[LLVMdev] [RFC] Add compiler scheduling barriers

Mon Jun 23 17:55:34 PDT 2014

On 06/19/2014 09:35 AM, Yi Kong wrote:
> Hi all,
>
> I'm currently working on implementing ACLE extensions for ARM. There
> are some memory barrier intrinsics, i.e.__dsb and __isb that require
> the compiler not to reorder instructions around their corresponding
> built-in intrinsics(__builtin_arm_dsb, __builtin_arm_isb), including
> non-memory-access instructions.[1] This is currently not possible.
>
> It is sometimes useful to prevent the compiler from reordering
> memory-access instructions as well. The only way to do that in both
> GCC and LLVM is using a in-line assembly hack:
>    asm volatile("" ::: "memory")
>
> I propose adding two compiler scheduling barriers intrinsics to LLVM:
> __schedule_barrier_memory and __schedule_barrier_full. The former only
> prevents memory-access instructions reordering around the instruction
> and the latter stops all. So that __isb, for example, can be
> implemented something like:
>    inline void __isb() {
>      __schedule_barrier_full();
>      __builtin_arm_isb();
>      __schedule_barrier_full();
>    }
Given your examples are in C, I want to ask a clarification question.  
Are you proposing adding such intrinsics to the LLVM IR? Or to some 
runtime library?  If the later, *specifically* which one? Or at the 
MachineInst layer?

I'm going to run under the assumption you're using C pseudo code for 
IR.  If this is not the case, the rest of this will be off base.
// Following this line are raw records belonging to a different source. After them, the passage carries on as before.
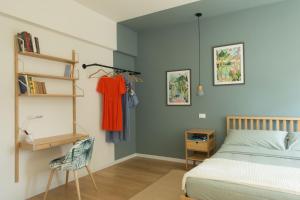Postel nebo postele na pokoji v ubytování Da Coco - Rooms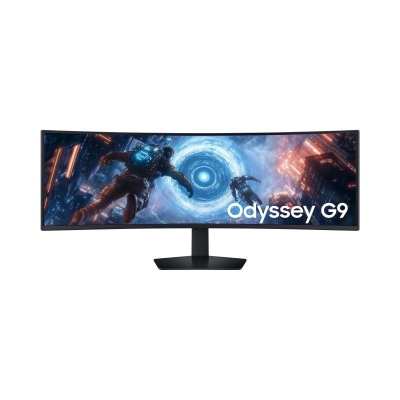 Monitor Samsung 49" LS49FG910EUXEN, Curvature: 1000R, Diagonal (inch): 49, Diagonal (cm): 124, Aspect ratio: 32:9, Panel: VA, Resolution: 5120x1440, Refresh Rate: 144Hz, Response time GtG: 1ms, Brightness (max): 350 cd/m², Contrast (static) : 2500:1, - Img 2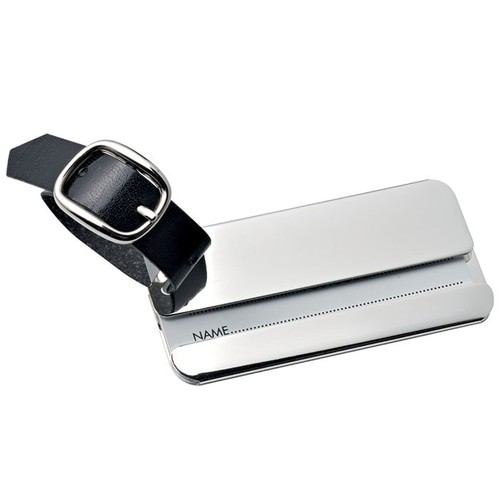 ETIQUETTE À BAGAGES - 40x79 mm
I'm not familiar with the exact semantics of an "isb" barrier, but I 
think you should look at the existing fence IR instructions.  These 
restrict memory reorderings in the IR.  Depending on the platform, they 
may imply hardware barriers, but they always imply compiler barriers.

If all you want is a compiler barrier with the existing fence semantics 
w.r.t. reordering, we could consider extending fence with a "compiler 
only" (bikeshed needed!) attribute.

If you're describing a new memory ordering for existing fences, that 
would seem like a reasonable extension.

I'm not familiar with how we currently handle intrinsics for 
architecture specific memory barriers.  Can anyone else comment on 
that?  Is there a way to tag a particular intrinsic function as *also* 
being a full fence?

>
> To implement these intrinsics, I think the best method is to add
> target-independent pseudo-instructions with appropriate
> properties(hasSideEffects for memory barrier and isTerminator for full
> barrier) and a pseudo-instruction elimination pass after the
> scheduling pass.
Why would your barrier need to be a basic block terminator?  That 
doesn't parse for me.  Could you explain?
>
> What do people think of this idea?
I'm honestly unclear on what your problem is and what you're trying to 
propose.  It make take a few rounds of conversation to clarify.

Philip